*EXERCISE INSTRUCTIONS*. Beginning with the line below that contains "Portátil Asus Intel Core i3" and ending with the line that contains "Белый Пежо 308, объемом", retype every line exactly. Pictures are not copied.
===== RECORDED DATA =====
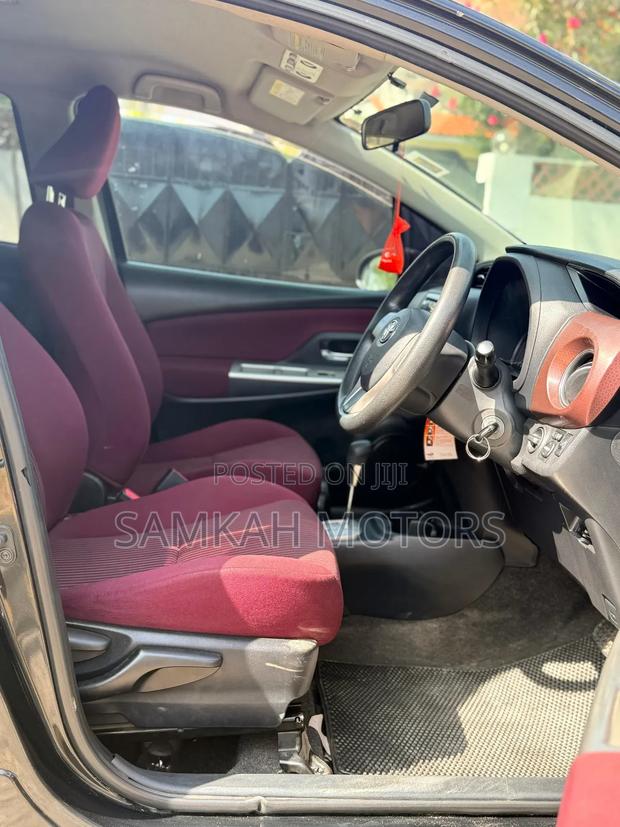 Toyota Vitz 2018 Black
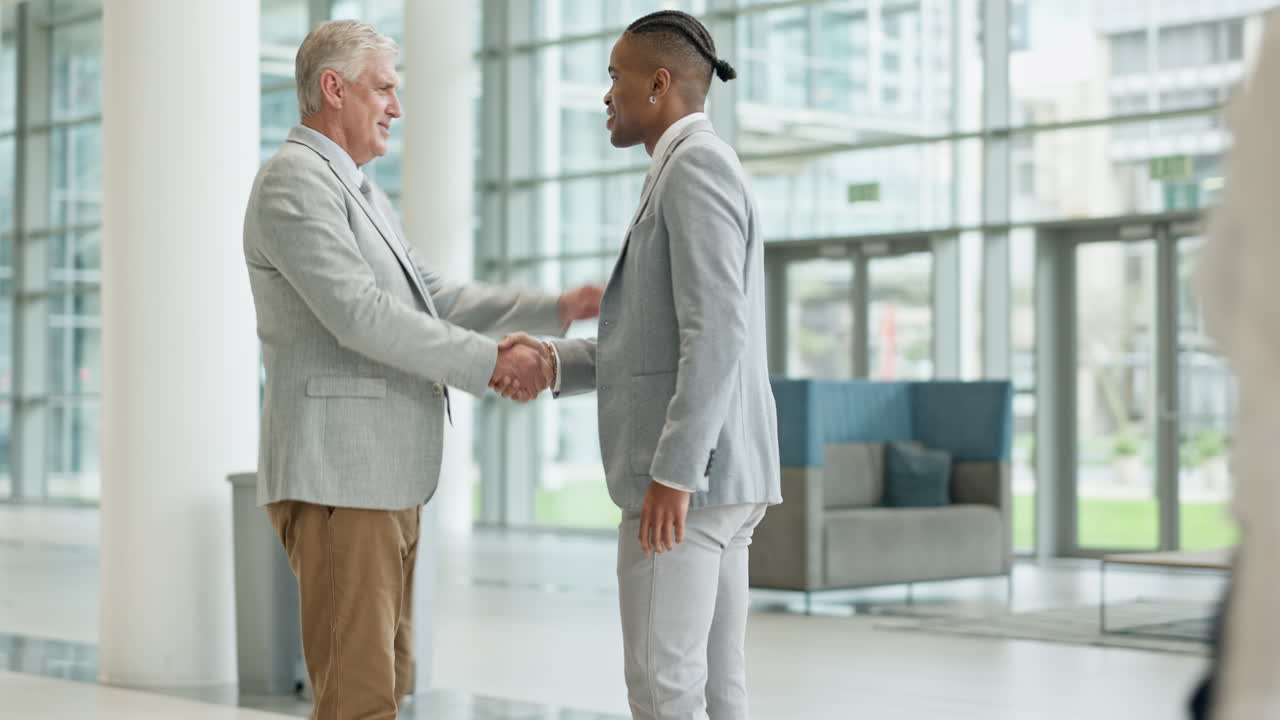 Vista superior, corporativo ou homens com aperto de mão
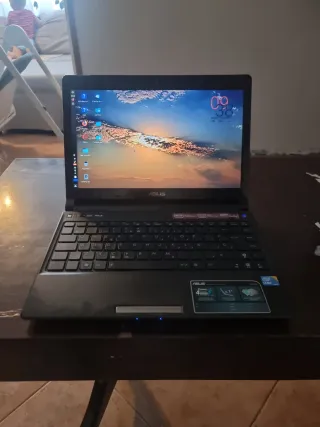 Portátil Asus Intel Core i3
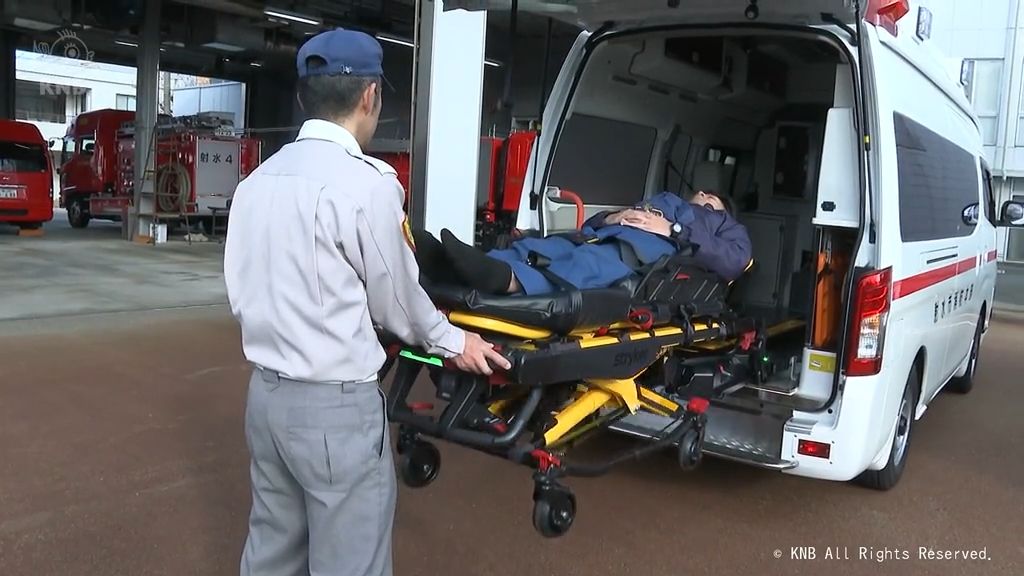 消防隊員の負担減へ　電動ストレッチャー搭載の救急車　富山県内初導入　新湊消防署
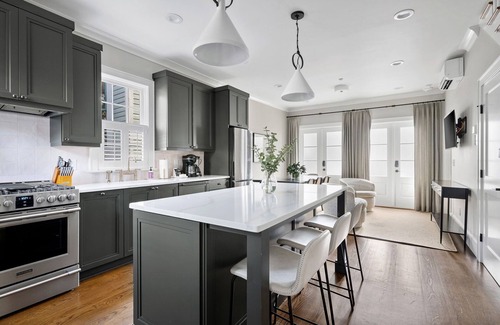 Cannonborough Elliotborough Apartment | Thomas Waring House | Unit D | Sleeps 6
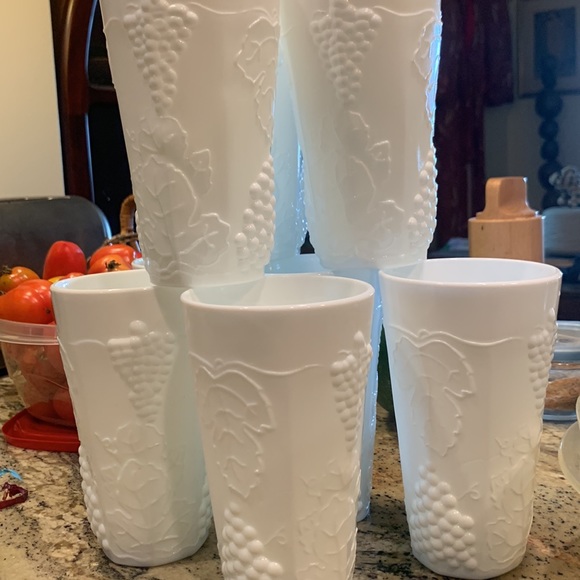 SET OF 8 MILK GLASS TUMBLERS ,GRAPE VINE PATTERN - Picture 3 of 9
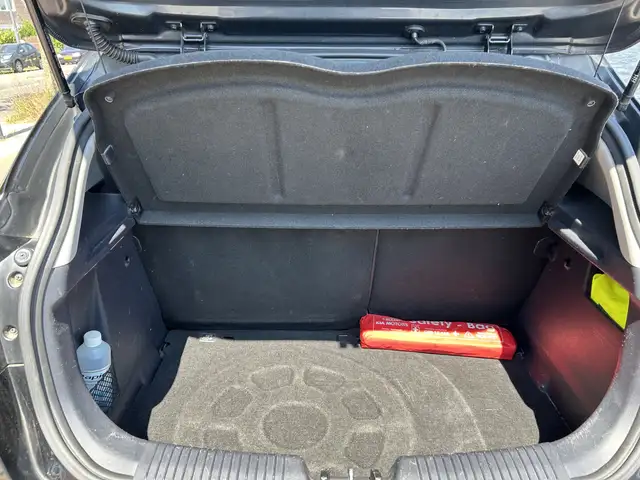 Kia Rio view 20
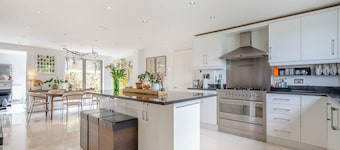 Alojamiento de 5 habitaciones en Crowborough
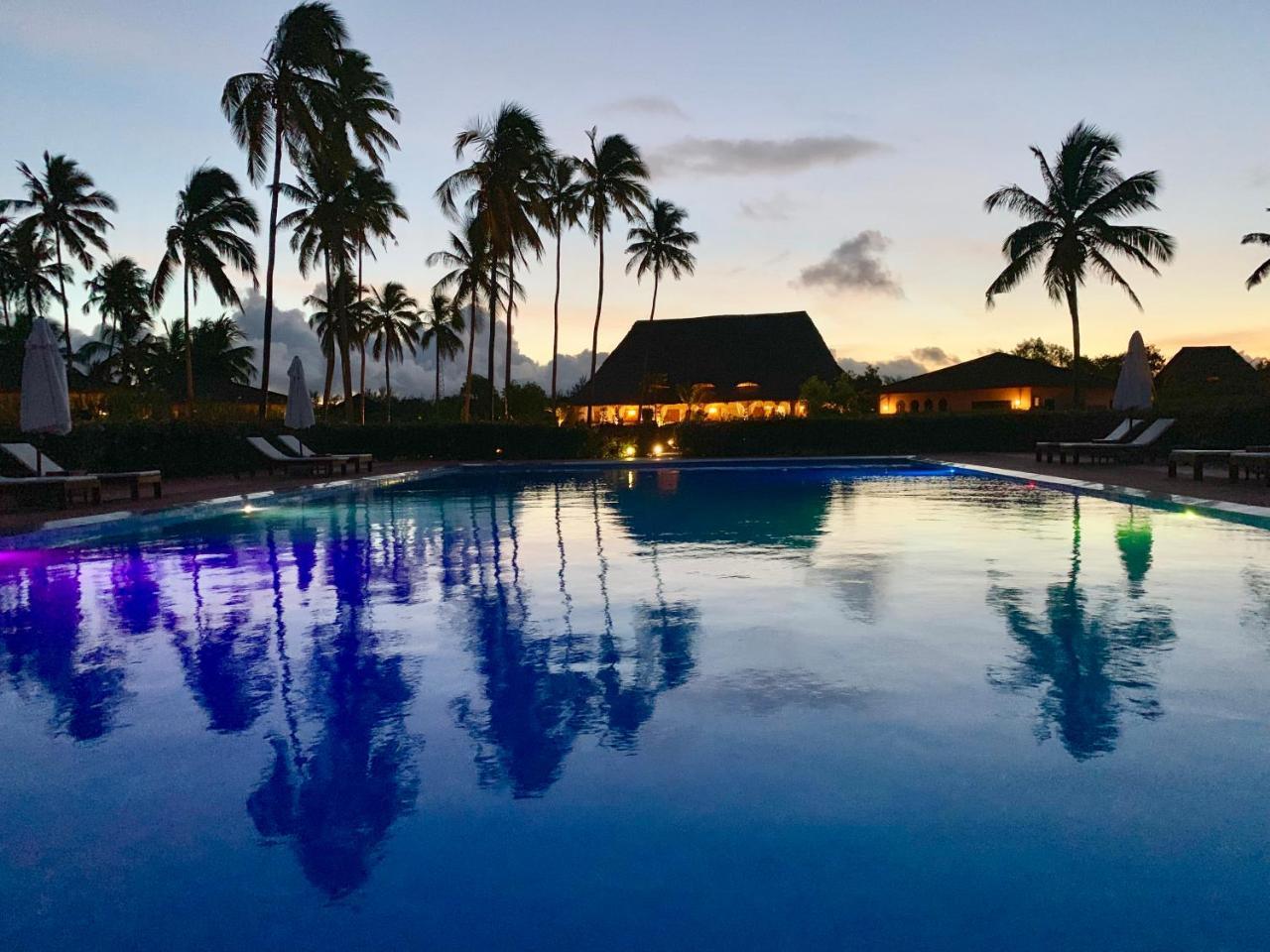 The Sands Beach Resort Буэхуу Экстерьер фото
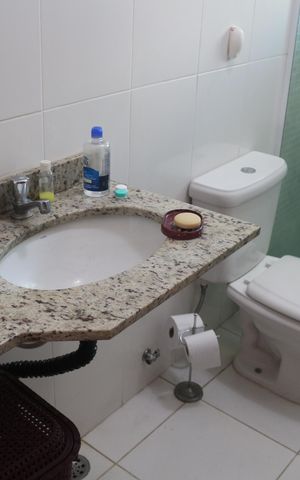 Casa à venda com 200m², 4 quartos e 4 vagasBanheiro da Suíte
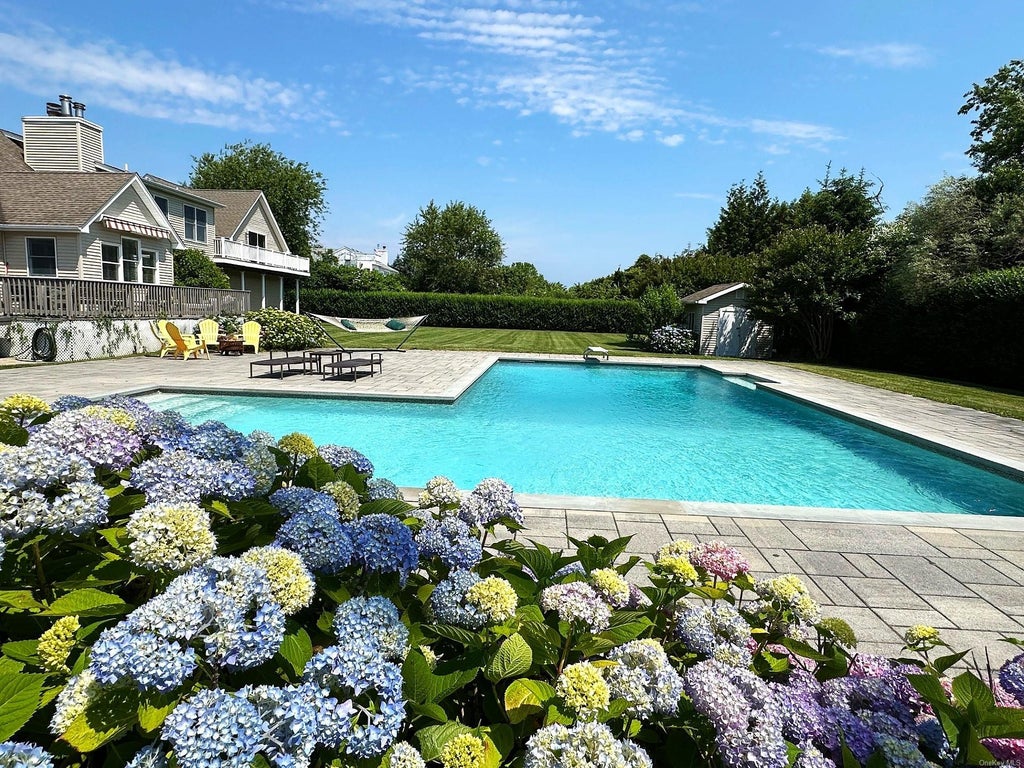 1080 Lands End Road, Orient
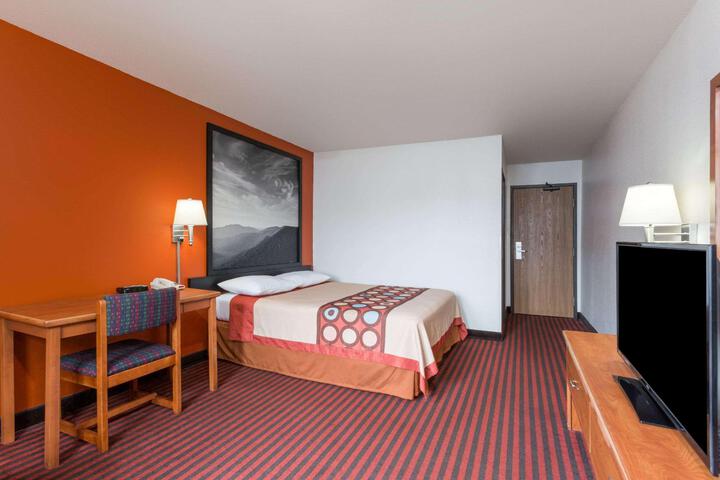 1 Queen Bed (5 of 14)
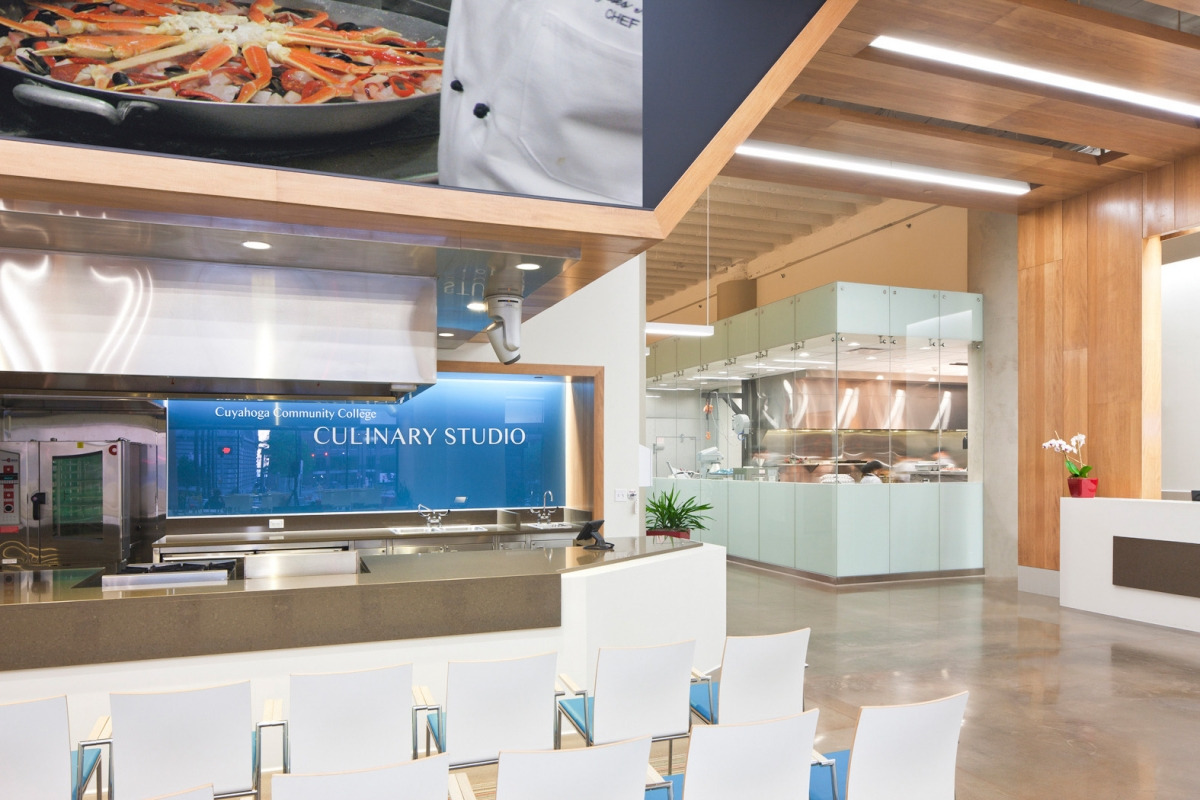 双面魅力 | Cuyahoga 社区学院酒店管理中心与 Pura Vida 餐厅-8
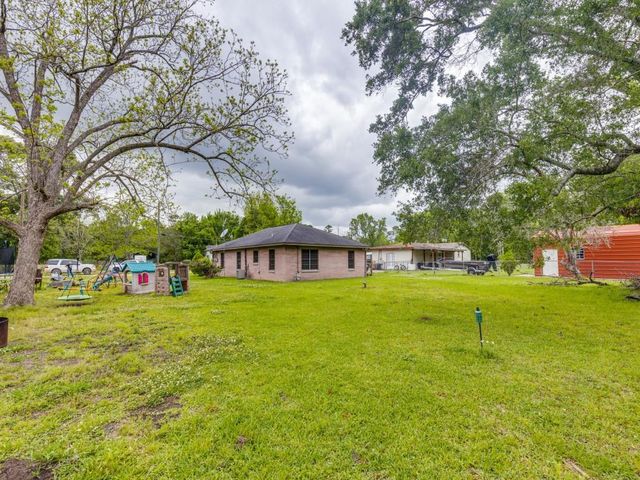 308 Gibbs Street, Devers, TX 77538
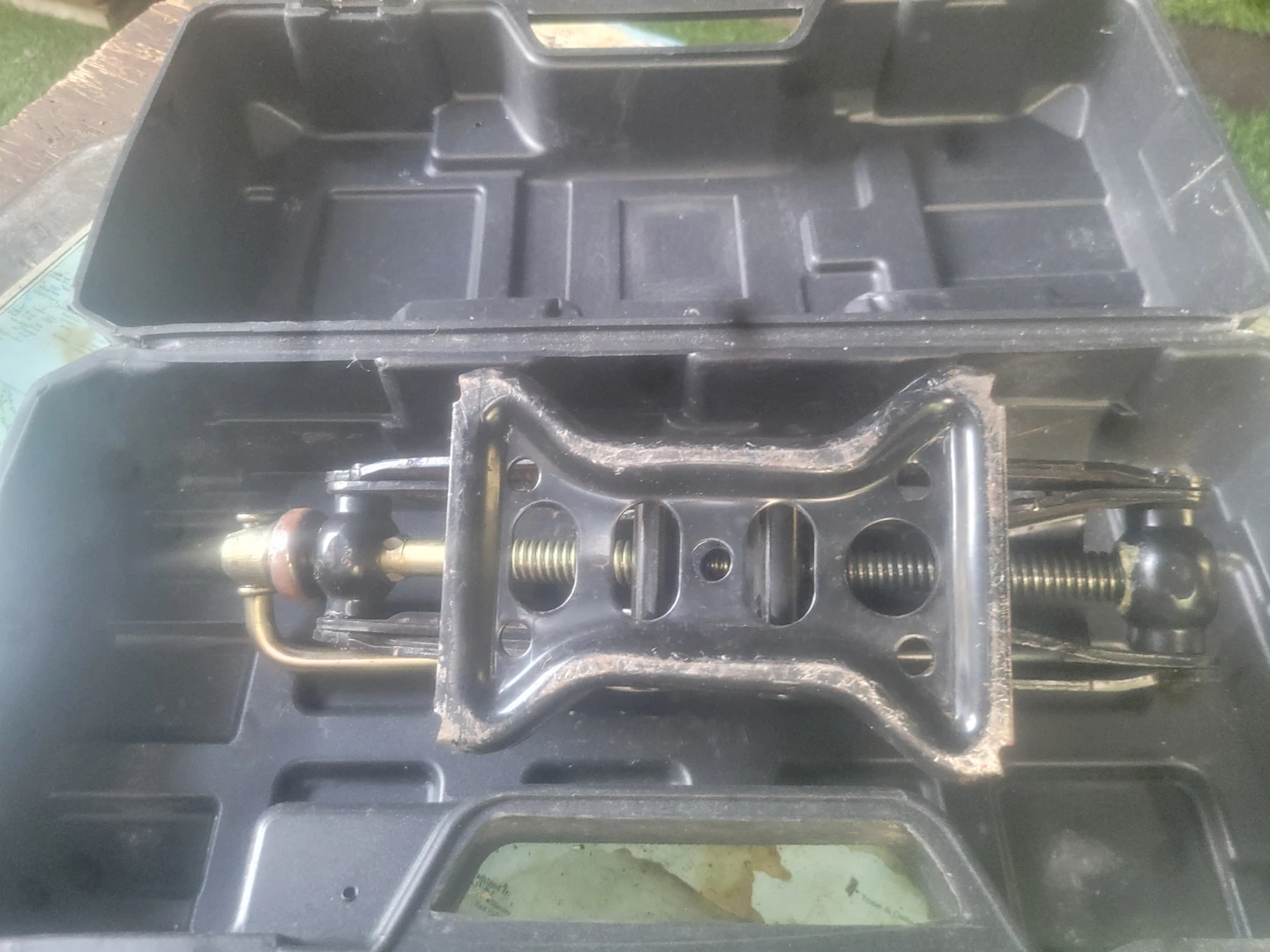 Pro-Lift 3,000 lbs. Trolley Jack F-2315PE - photo 4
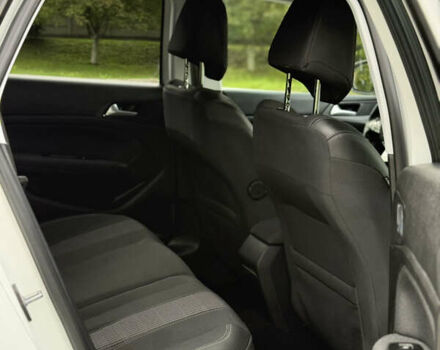 Белый Пежо 308, объемом двигателя 1.5 л и пробегом 162 тыс. км за 14800 $, фото 64 на Automoto.ua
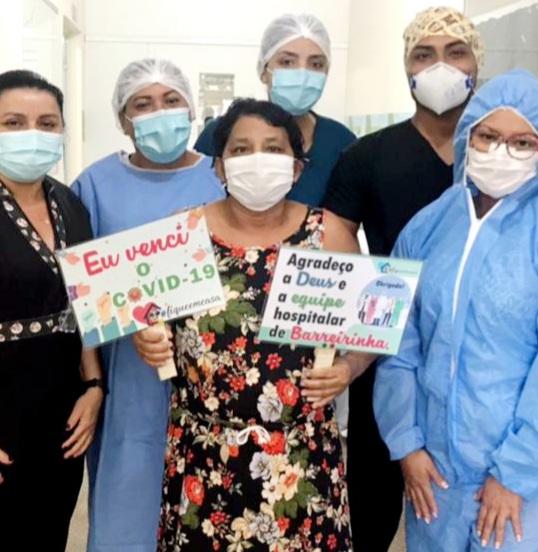 Em Barreirinha, profissionais de saúde comemoram alta de idosa que venceu a Covid-19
=====
*FINAL ANSWER*.
 Portátil Asus Intel Core i3
 消防隊員の負担減へ　電動ストレッチャー搭載の救急車　富山県内初導入　新湊消防署
 Cannonborough Elliotborough Apartment | Thomas Waring House | Unit D | Sleeps 6
 SET OF 8 MILK GLASS TUMBLERS ,GRAPE VINE PATTERN - Picture 3 of 9
 Kia Rio view 20
 Alojamiento de 5 habitaciones en Crowborough
 The Sands Beach Resort Буэхуу Экстерьер фото
 Casa à venda com 200m², 4 quartos e 4 vagasBanheiro da Suíte
 1080 Lands End Road, Orient
 1 Queen Bed (5 of 14)
 双面魅力 | Cuyahoga 社区学院酒店管理中心与 Pura Vida 餐厅-8
 308 Gibbs Street, Devers, TX 77538
 Pro-Lift 3,000 lbs. Trolley Jack F-2315PE - photo 4
 Белый Пежо 308, объемом двигателя 1.5 л и пробегом 162 тыс. км за 14800 $, фото 64 на Automoto.ua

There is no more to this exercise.